The following appeared in a small weekly newspaper in 1976. I'd never heard the term "the lost generation" before meeting this gentleman. There was not the slightest bitterness as he explained his life story. He seemed to see the interview as a chance to explain to someone younger -- me -- what life had been like for many of his generation.

A man from the lost generation

by Alice Marie Beard

A 63-year-old man with doctorate degrees in physics and psychology takes his life's memories out of a yellowed envelope: Diplomas, military discharge papers, special citations. Al Tibbs describes himself as "part of the lost generation." He graduated from high school in 1932, three years into the Depression, and his graduating class was always "just a step off."

He arrived in the Village six months ago after a yearlong stay in a veteran's hospital because of recurring problems from a World War II leg injury.
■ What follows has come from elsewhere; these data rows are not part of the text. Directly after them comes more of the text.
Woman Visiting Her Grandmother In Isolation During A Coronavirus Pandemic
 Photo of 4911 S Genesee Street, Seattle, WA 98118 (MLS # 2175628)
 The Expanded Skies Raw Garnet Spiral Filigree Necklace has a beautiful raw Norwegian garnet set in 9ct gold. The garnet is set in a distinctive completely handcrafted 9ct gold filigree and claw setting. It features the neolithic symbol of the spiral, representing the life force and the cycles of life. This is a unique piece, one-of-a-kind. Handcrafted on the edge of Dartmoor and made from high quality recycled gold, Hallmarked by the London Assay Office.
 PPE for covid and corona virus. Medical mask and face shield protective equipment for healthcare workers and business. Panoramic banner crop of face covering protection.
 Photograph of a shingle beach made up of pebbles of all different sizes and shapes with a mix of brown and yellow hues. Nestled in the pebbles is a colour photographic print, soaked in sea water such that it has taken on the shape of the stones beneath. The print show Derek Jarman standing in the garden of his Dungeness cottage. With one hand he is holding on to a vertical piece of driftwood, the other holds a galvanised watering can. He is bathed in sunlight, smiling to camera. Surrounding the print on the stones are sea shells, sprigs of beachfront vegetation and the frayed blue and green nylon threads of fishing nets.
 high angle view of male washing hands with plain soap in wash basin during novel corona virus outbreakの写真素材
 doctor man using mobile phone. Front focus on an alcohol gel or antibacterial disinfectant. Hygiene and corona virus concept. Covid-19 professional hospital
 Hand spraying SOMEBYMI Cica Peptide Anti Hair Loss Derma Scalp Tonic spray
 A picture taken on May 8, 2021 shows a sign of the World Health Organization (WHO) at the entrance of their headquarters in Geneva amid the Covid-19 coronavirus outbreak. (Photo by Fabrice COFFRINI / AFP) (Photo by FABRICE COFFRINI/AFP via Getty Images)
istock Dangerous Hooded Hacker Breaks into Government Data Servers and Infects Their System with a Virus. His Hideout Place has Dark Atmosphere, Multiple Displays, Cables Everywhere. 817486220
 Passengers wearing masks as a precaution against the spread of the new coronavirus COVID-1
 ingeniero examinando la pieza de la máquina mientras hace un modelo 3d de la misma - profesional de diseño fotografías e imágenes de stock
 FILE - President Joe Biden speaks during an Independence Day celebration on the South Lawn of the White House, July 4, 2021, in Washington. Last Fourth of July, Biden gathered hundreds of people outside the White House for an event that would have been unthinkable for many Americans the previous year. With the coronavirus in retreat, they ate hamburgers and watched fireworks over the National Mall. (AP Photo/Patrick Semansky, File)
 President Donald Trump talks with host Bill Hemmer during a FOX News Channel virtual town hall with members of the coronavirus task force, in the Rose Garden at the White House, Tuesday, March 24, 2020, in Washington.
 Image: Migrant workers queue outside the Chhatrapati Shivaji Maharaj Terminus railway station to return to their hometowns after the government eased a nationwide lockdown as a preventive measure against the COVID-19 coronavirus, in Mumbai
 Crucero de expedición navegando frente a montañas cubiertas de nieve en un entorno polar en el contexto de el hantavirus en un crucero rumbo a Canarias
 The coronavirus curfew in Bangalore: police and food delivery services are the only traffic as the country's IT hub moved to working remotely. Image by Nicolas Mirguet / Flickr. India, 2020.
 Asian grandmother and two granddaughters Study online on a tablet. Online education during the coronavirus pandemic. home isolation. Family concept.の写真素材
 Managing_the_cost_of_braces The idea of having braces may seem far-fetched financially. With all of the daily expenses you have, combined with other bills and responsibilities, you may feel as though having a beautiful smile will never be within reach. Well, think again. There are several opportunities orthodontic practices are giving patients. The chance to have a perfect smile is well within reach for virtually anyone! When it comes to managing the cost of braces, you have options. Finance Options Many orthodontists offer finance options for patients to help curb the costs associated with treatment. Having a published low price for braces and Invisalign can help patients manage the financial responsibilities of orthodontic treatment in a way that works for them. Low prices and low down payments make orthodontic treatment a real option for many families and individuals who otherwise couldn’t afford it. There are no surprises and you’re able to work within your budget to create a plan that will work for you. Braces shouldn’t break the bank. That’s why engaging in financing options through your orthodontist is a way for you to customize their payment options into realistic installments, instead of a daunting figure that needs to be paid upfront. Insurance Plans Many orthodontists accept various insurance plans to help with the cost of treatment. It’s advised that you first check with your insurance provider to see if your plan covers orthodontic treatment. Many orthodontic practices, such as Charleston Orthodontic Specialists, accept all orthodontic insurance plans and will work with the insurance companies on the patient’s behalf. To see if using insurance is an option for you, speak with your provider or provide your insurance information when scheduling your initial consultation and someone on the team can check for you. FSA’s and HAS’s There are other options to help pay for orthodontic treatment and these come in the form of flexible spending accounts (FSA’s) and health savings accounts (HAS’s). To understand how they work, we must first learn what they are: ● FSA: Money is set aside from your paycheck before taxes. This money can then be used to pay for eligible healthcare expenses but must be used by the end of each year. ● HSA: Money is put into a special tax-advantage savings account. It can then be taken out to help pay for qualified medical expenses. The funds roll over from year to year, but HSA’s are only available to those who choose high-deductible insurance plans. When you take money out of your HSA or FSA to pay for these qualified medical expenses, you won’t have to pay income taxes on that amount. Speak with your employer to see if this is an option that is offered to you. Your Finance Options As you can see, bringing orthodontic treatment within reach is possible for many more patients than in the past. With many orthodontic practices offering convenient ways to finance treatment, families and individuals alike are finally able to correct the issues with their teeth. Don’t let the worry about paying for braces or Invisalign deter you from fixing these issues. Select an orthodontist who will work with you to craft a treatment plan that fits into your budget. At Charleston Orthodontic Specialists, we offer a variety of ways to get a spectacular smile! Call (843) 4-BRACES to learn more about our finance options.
He and his wife live in Beaconridge with her two daughters. Before he entered the hospital, they had lived in Chicago. He's looking for a way to volunteer his talents to area youth: "I'm interested in getting into the community," says the slender, gray-haired man who walks with a cane. "I don't care if it's a group I help or an individual. I like living out here, but I don't want to sit around 24 hours a day watching tv."

He says he has had difficulties finding paying work because of his disability, his age, and a lack of transportation. So, Tibbs stands ready to volunteer to help Village youth. His life tells a generation's story:

"I went into the Civilian Conservation Corps (CCC) right after high school," he explains. "We got $30 a month; $25 went home to our families because otherwise they'd have been on relief (welfare). We got $5 for ourselves, and they gave us room and board. I was with CCC for one year.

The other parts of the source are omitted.